*Task prompt*.
Exactly the lines from the one containing "ミディアム カラー レイヤーカット 西村あきやのヘアスタイル" through the end of the records must be reproduced; leave out all pictures.

*Data extracted from a collection*.
---------------
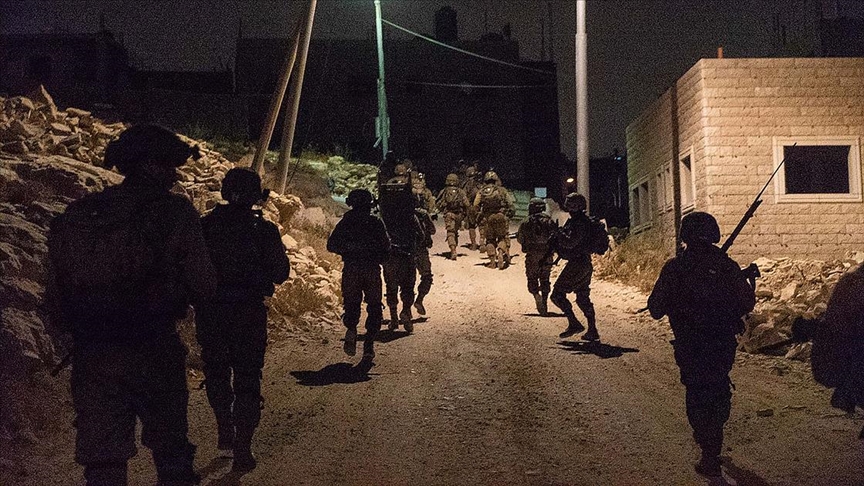 İsrail Güçleri Batı Şeria’da 2 Filistinliyi Yaraladı, 7’sini Gözaltına Aldı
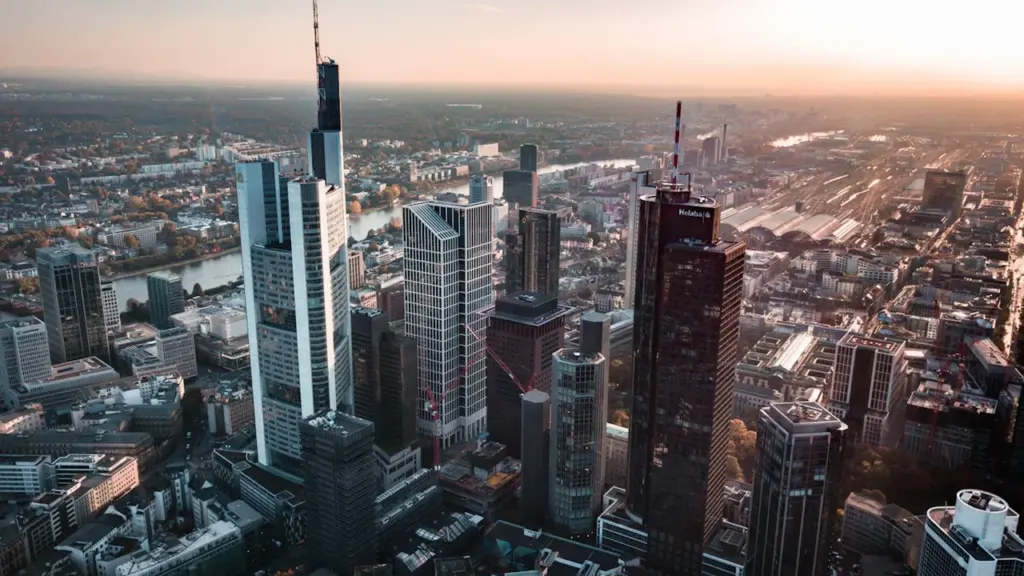 Eiropas Centrālās bankas atrašanās vietas un finanšu centra panorāmas skats dienas laikā.
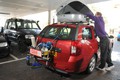 Ugotovitve novinarjev revije What Car?: 35 odstotno povečanje povprečne porabe na račun nameščenega strešnega kovčka
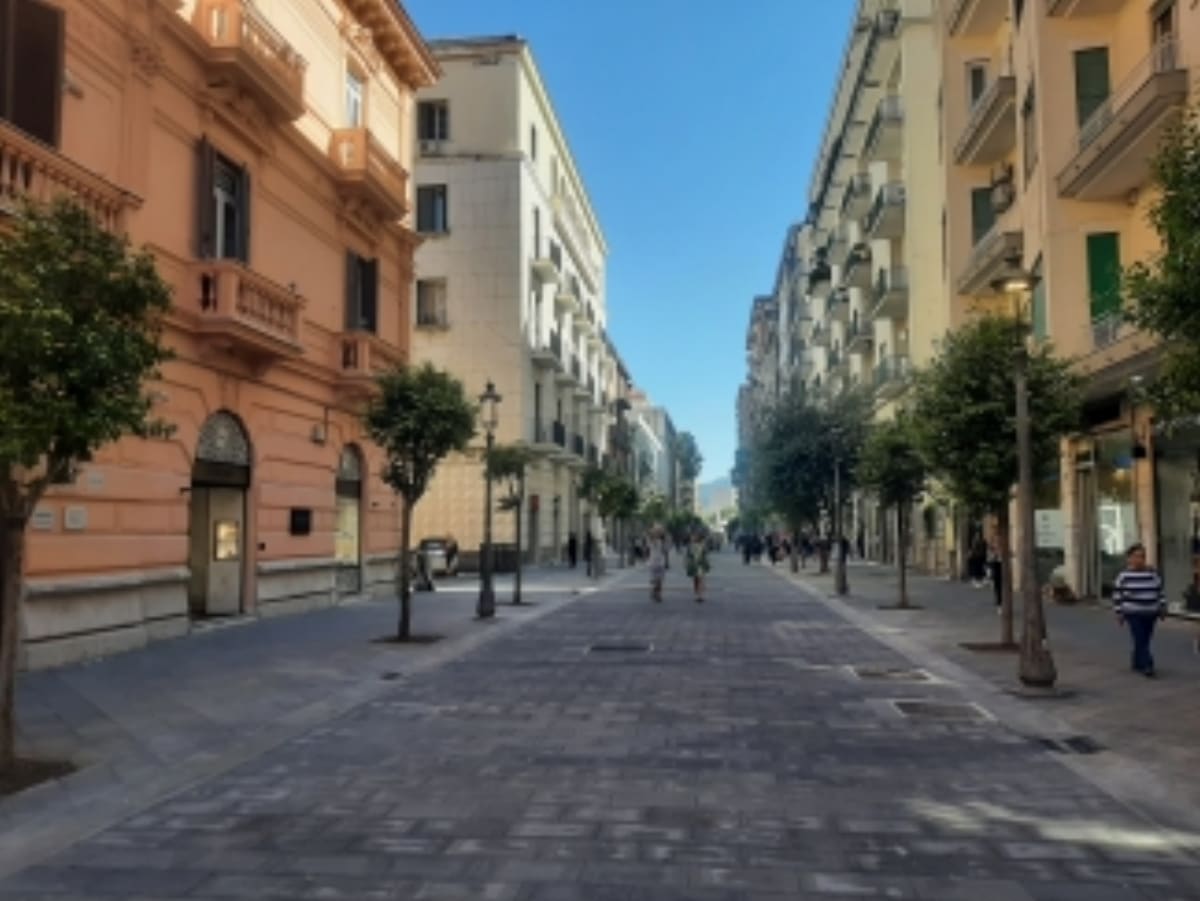 incidente salerno pacco trasloco donna ferita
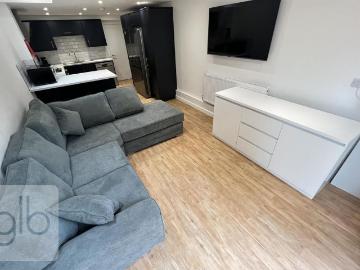 Humber Avenue, Coventry CV1, 5 bed shared accommodation to rent, £2,500 pcm | PrimeLocation
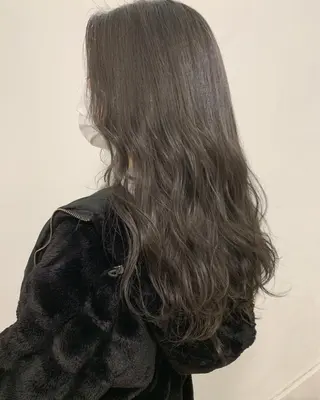 ミディアム カラー レイヤーカット 西村あきやのヘアスタイル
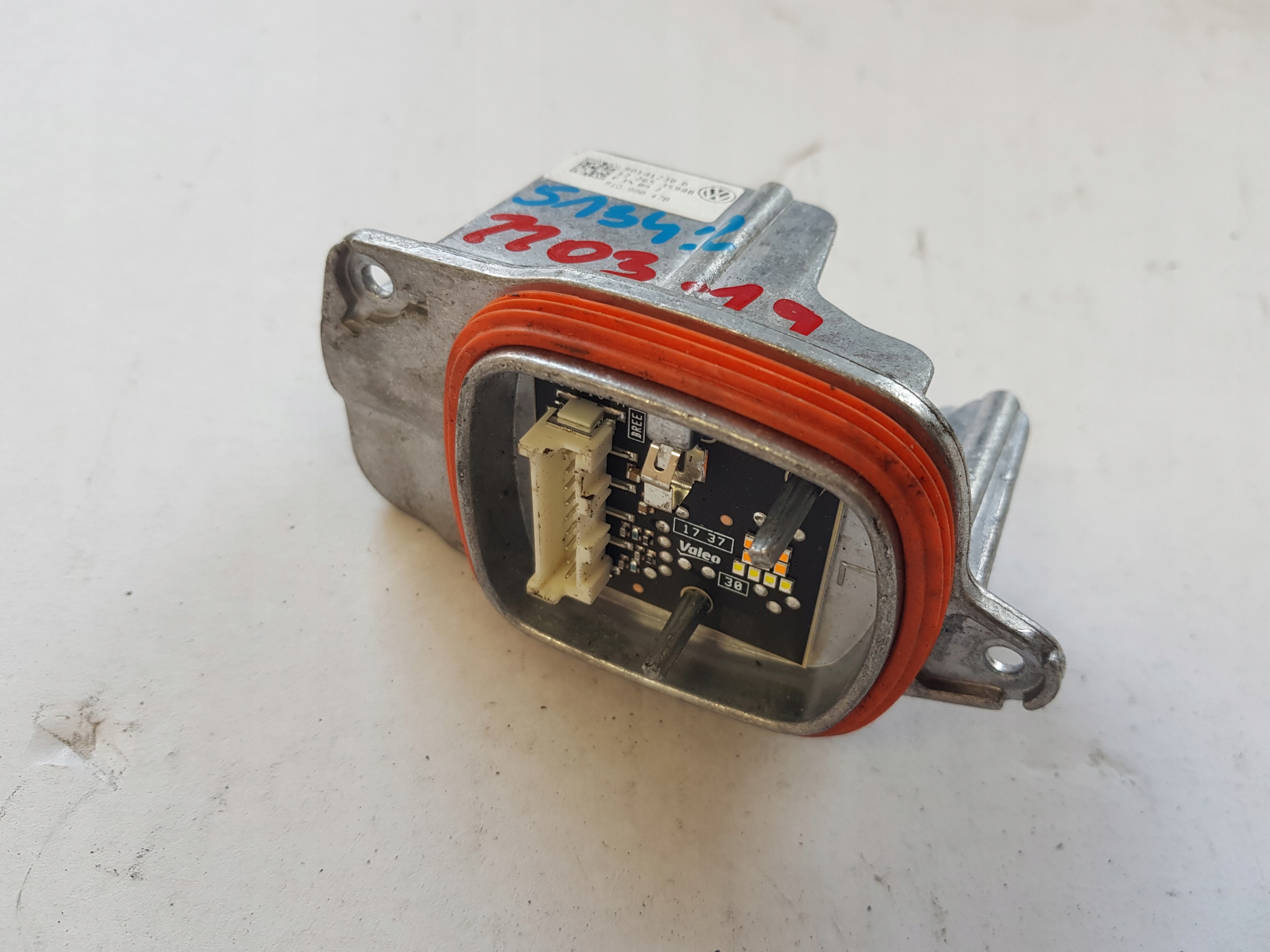 MODUŁ LED PRZETWORNICA VW GOLF CRAFTER ORYG.*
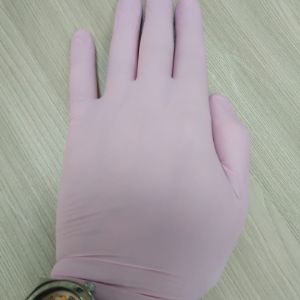 Цветные нитриловые перчатки смотровые с текстурой MediOK c РУ
Розовые (Фламинго) от 9р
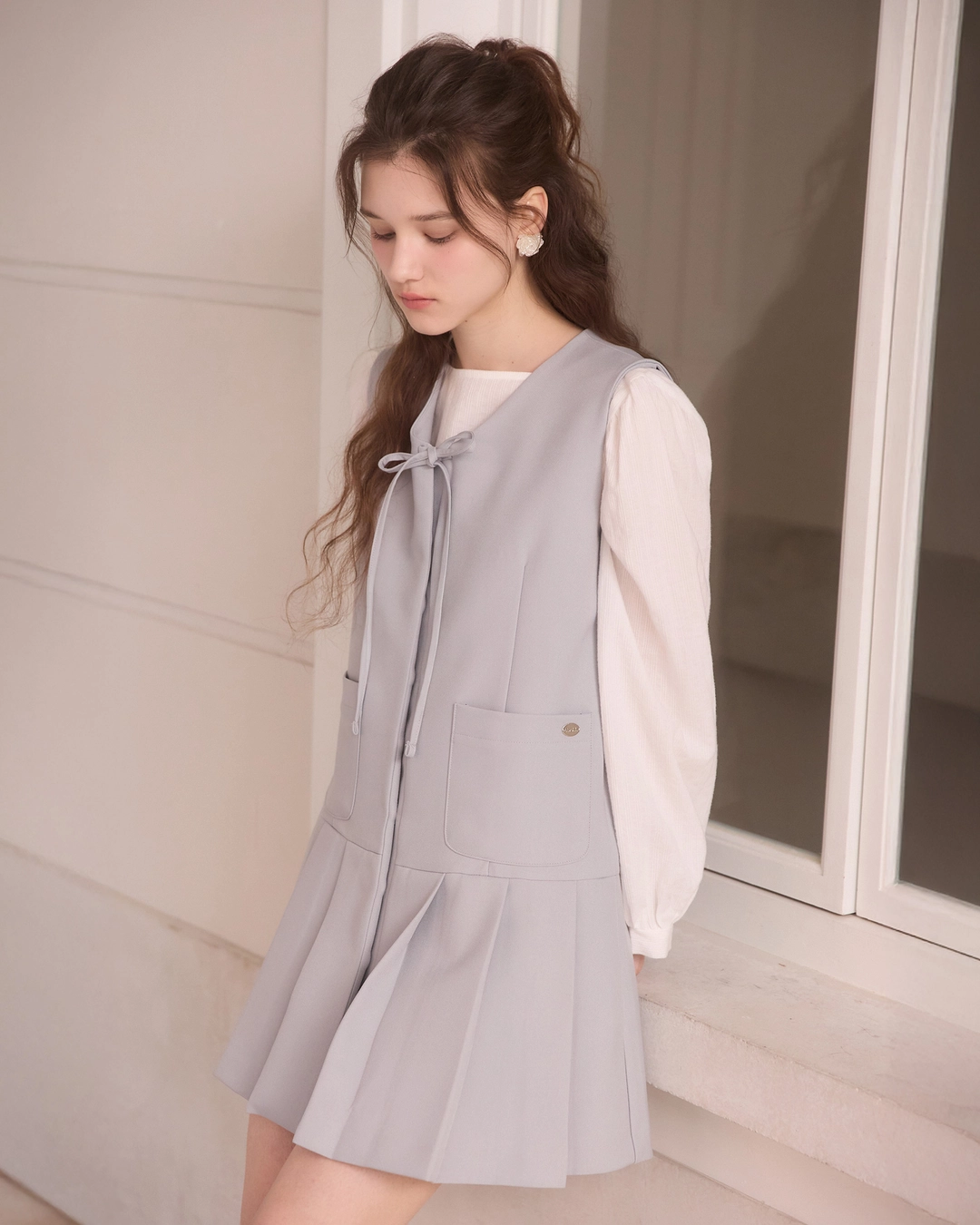 어다울 Hidden button ribbon pleats midi dress - ash blue 상품 이미지 2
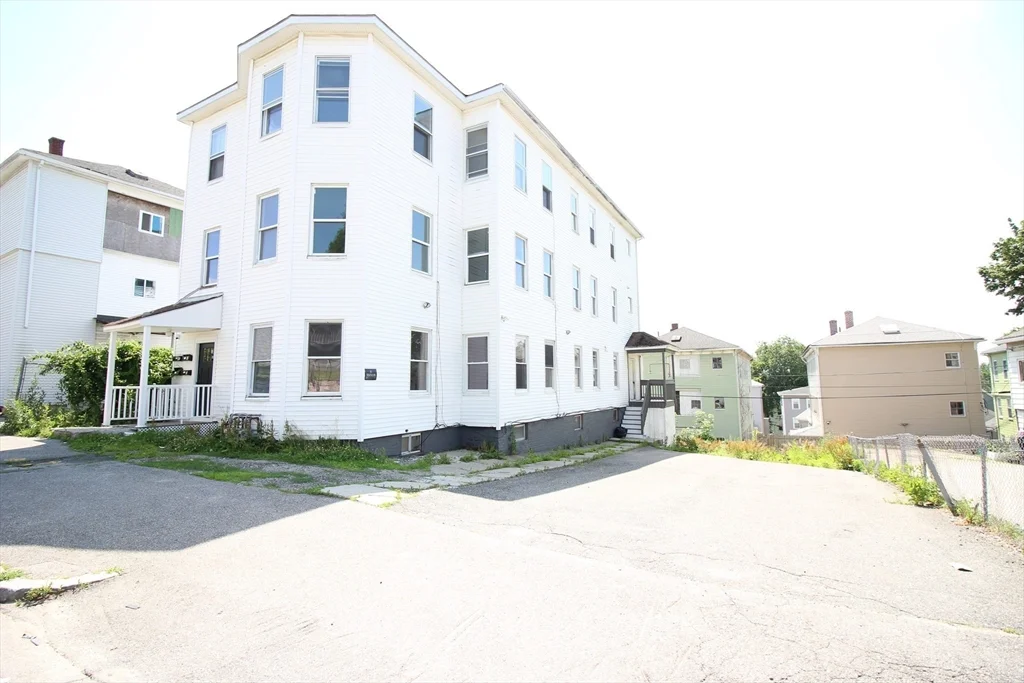 4 bed, 1 bath apartment for rent at 82 Fox Unit 2, Worcester — photo 1 of 16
---------------
*Output for this exercise*.
 ミディアム カラー レイヤーカット 西村あきやのヘアスタイル
 MODUŁ LED PRZETWORNICA VW GOLF CRAFTER ORYG.*
 Цветные нитриловые перчатки смотровые с текстурой MediOK c РУ
Розовые (Фламинго) от 9р
 어다울 Hidden button ribbon pleats midi dress - ash blue 상품 이미지 2
 4 bed, 1 bath apartment for rent at 82 Fox Unit 2, Worcester — photo 1 of 16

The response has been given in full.